A doubleheader set for the famed Spanish Town Prison Oval, Cedar Grove playing Old Harbour United in the opener, after which De La Vega were set to face one of the parish’s oldest clubs, Black Lions, was called off after referees failed to show, reportedly protesting $1.35 million in unpaid fees from the previous season.
Elaine Walker-Brown, recently returned as president of SCFA after an acrimonious victory over Jason McKay, at first said she was “not taking calls from the media” before adding that she was “advised by my council not to speak on that matter”.
Walker-Brown, however, afterwards agreed to speak should Oneil Clayton, head of the St Catherine Referees Association, first comment on the issue, adding, tongue-in-cheek, that she knew he would not.
“Speak to the head of the referees group and I will speak afterwards,” said Walker-Brown, adding, “I know he won’t have anything to say.”
True to Walker-Brown’s words, Clayton was as mum as the FA president when asked what had caused the postponement of the Major League.
“Ask the president, Elaine Walker-Brown,” he responded.
When questioned whether referees were owed $1.35 million in fees, Clayton said, “I am unable to comment on that matter now.”
Explaining Clayton’s predicted silence, a Gleaner source pointed upstream at the Jamaica Football Federation’s referees’ committee.
“A dangerous game, which affects the most vulnerable, the clubs and players, is being played. The president is daring him to speak because she knows what the consequences could be if he speaks out of turn to the press.”
‘All about the money’
The SCFA-referees standoff, The Gleaner’s source said “it isn’t all about the money”.

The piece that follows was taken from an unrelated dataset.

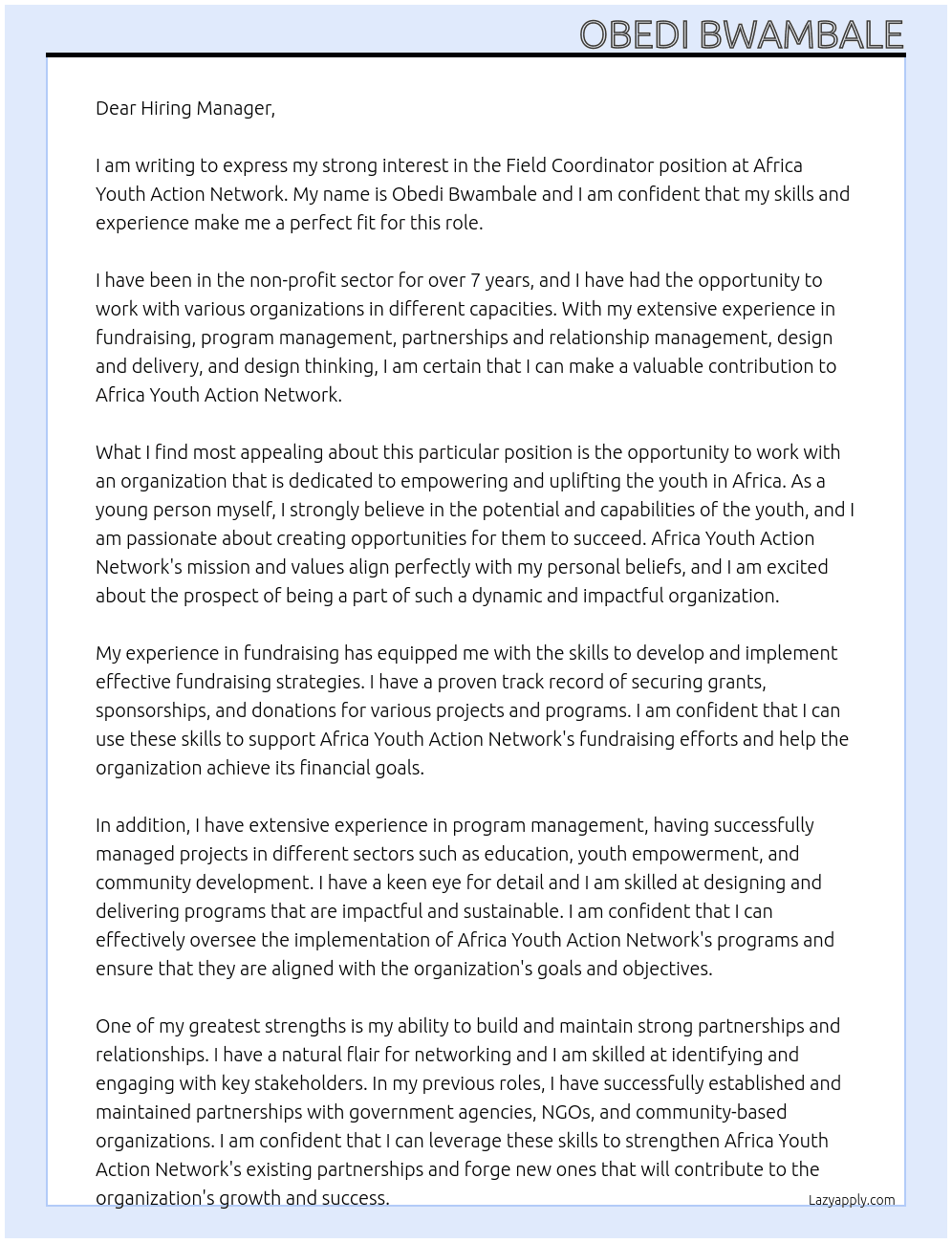 Field Coordinator At Africa Youth Action Network Cover Letter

“The money is one thing but, when you are owed and being dealt with in an adversarial manner, that’s another matter,” said the source, pointing to remnants of the ugly Walker-Brown-McKay presidential battle.
“For close to 45 years, the St Catherine Referees Association, formed in 1981, one of the first in the island, has helped develop referees in parish and was accorded a vote in the St Catherine FA, which they were denied at the last election.
“The referees believe the vote was suddenly taken away because the sitting president felt the issue of the monies owed would have triggered a vote for McKay,” the Gleaner source alleged.
When asked to explain the referees’ group being denied its usual vote at the SCFA election, which the Gleaner source pointed to as an underlying and vexing issue among the group, Clayton answered in the affirmative.
“That’s a fact,” adding, “I don’t know why. I questioned it and didn’t get any answer.”
Efforts to reach Walker-Brown, who had agreed to speak after Clayton, fell flat, as calls to her cell went unanswered.
The Gleaner source added that efforts by SCFA to recruit referees from neighbouring Clarendon failed to materialise, blunted by a show of unison with their St Catherine counterparts, leaving jitters among Division One clubs with their league set to start the second weekend of February.